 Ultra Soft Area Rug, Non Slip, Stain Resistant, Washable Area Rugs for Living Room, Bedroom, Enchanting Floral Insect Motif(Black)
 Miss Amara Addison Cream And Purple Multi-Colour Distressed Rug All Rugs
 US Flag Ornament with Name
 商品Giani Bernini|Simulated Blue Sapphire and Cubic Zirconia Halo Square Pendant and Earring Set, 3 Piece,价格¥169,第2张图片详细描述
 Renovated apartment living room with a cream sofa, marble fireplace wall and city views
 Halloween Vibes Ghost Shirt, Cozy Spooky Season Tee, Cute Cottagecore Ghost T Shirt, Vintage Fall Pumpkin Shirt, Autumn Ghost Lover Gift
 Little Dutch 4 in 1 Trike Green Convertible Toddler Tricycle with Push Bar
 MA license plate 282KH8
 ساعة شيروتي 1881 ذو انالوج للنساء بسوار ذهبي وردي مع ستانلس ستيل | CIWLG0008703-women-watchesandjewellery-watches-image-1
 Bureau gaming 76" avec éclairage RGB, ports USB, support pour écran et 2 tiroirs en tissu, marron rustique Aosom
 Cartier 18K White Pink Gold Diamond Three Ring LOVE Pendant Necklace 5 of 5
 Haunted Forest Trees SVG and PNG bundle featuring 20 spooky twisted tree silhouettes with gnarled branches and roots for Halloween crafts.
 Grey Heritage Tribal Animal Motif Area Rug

==========

Activity: The required output is the full set of entries, reproduced verbatim.

Output:
 Ultra Soft Area Rug, Non Slip, Stain Resistant, Washable Area Rugs for Living Room, Bedroom, Enchanting Floral Insect Motif(Black)
 Miss Amara Addison Cream And Purple Multi-Colour Distressed Rug All Rugs
 US Flag Ornament with Name
 商品Giani Bernini|Simulated Blue Sapphire and Cubic Zirconia Halo Square Pendant and Earring Set, 3 Piece,价格¥169,第2张图片详细描述
 Renovated apartment living room with a cream sofa, marble fireplace wall and city views
 Halloween Vibes Ghost Shirt, Cozy Spooky Season Tee, Cute Cottagecore Ghost T Shirt, Vintage Fall Pumpkin Shirt, Autumn Ghost Lover Gift
 Little Dutch 4 in 1 Trike Green Convertible Toddler Tricycle with Push Bar
 MA license plate 282KH8
 ساعة شيروتي 1881 ذو انالوج للنساء بسوار ذهبي وردي مع ستانلس ستيل | CIWLG0008703-women-watchesandjewellery-watches-image-1
 Bureau gaming 76" avec éclairage RGB, ports USB, support pour écran et 2 tiroirs en tissu, marron rustique Aosom
 Cartier 18K White Pink Gold Diamond Three Ring LOVE Pendant Necklace 5 of 5
 Haunted Forest Trees SVG and PNG bundle featuring 20 spooky twisted tree silhouettes with gnarled branches and roots for Halloween crafts.
 Grey Heritage Tribal Animal Motif Area Rug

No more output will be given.